DIRECTIONS FOR THIS TASK: For this exercise, retype every record below exactly and keep the pictures out.
RECORDS FOR THE TASK Start Marker
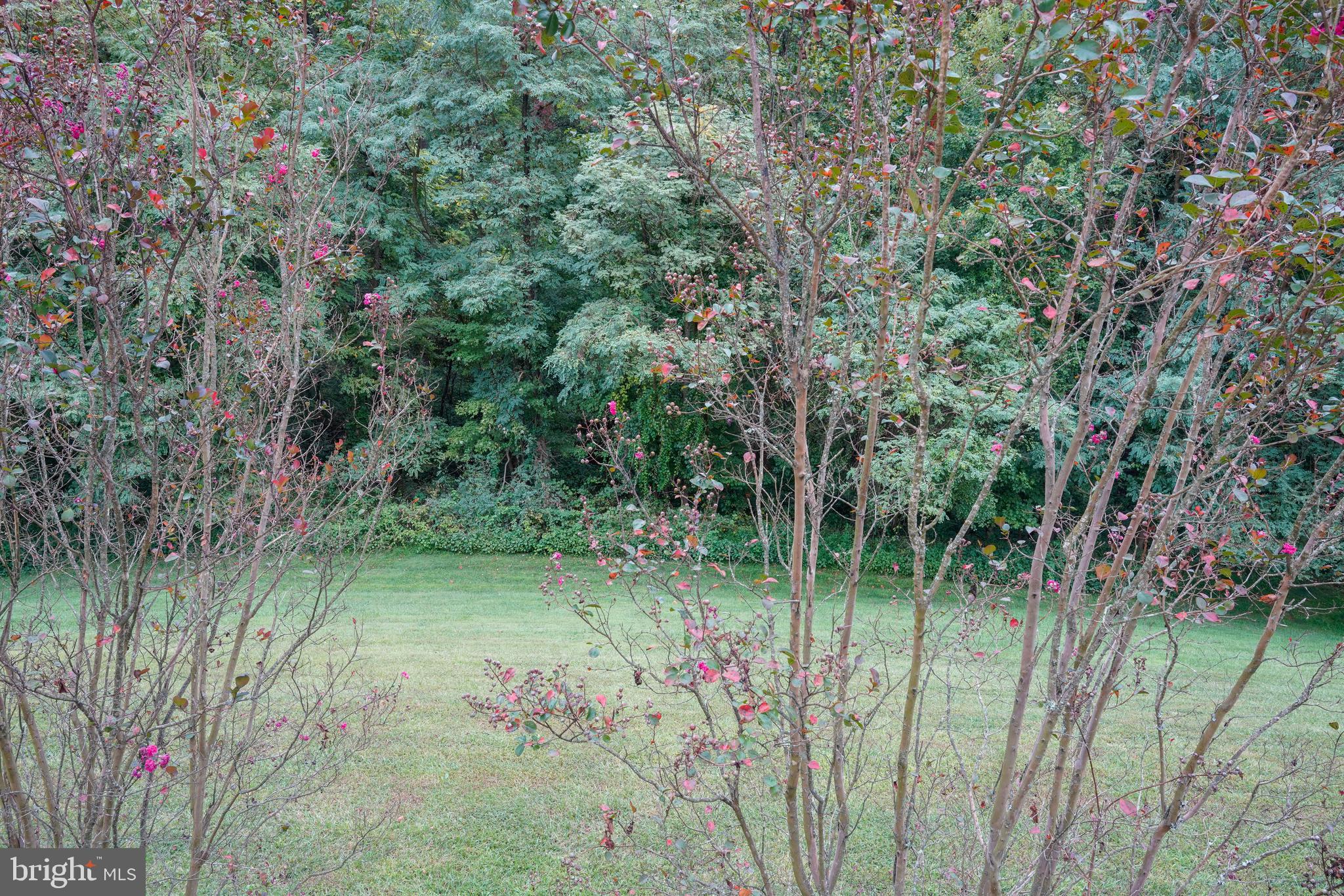 5109 Bright Owl Road Perry Hall, MD 21128 - Photo 67 of 69 Back yard View from Deck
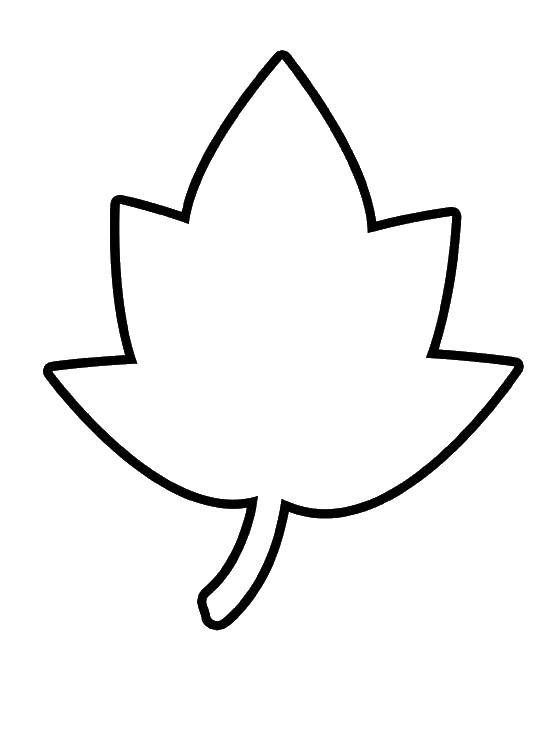 Название: Раскраска Контур листика. Категория: Контуры листьев деревьев. Теги: контур, листок, листья.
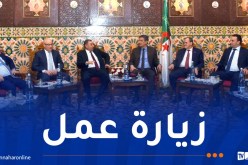 وفد وزاري يشرع في زيارة عمل بالعاصمة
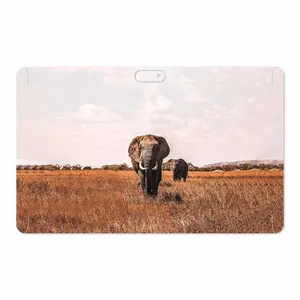 MAHOOT Elephant Cover Sticker for GLX W11 Plus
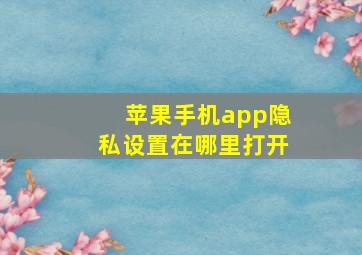 苹果手机app隐私设置在哪里打开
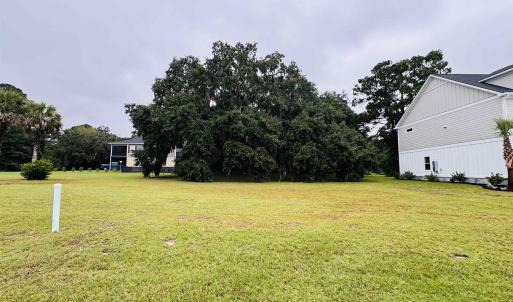 View of grassy yard with view of scattered trees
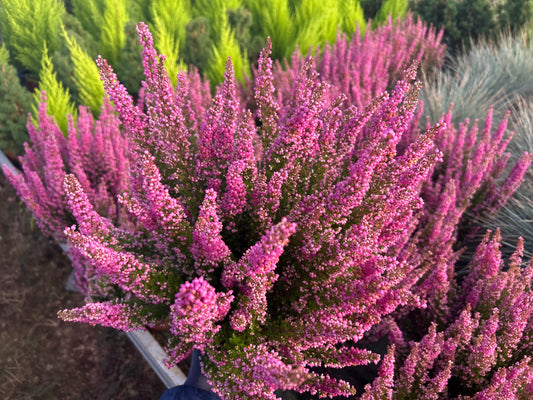 Erica gracilis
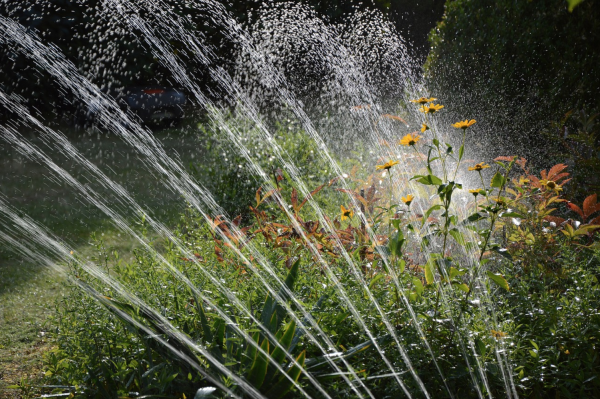 Drought Emergency Has Been Declared In Southern California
RECORDS FOR THE TASK End Marker
SOLUTION FOR THIS EXERCISE:
 5109 Bright Owl Road Perry Hall, MD 21128 - Photo 67 of 69 Back yard View from Deck
 Название: Раскраска Контур листика. Категория: Контуры листьев деревьев. Теги: контур, листок, листья.
 وفد وزاري يشرع في زيارة عمل بالعاصمة
 MAHOOT Elephant Cover Sticker for GLX W11 Plus
 苹果手机app隐私设置在哪里打开
 View of grassy yard with view of scattered trees
 Erica gracilis
 Drought Emergency Has Been Declared In Southern California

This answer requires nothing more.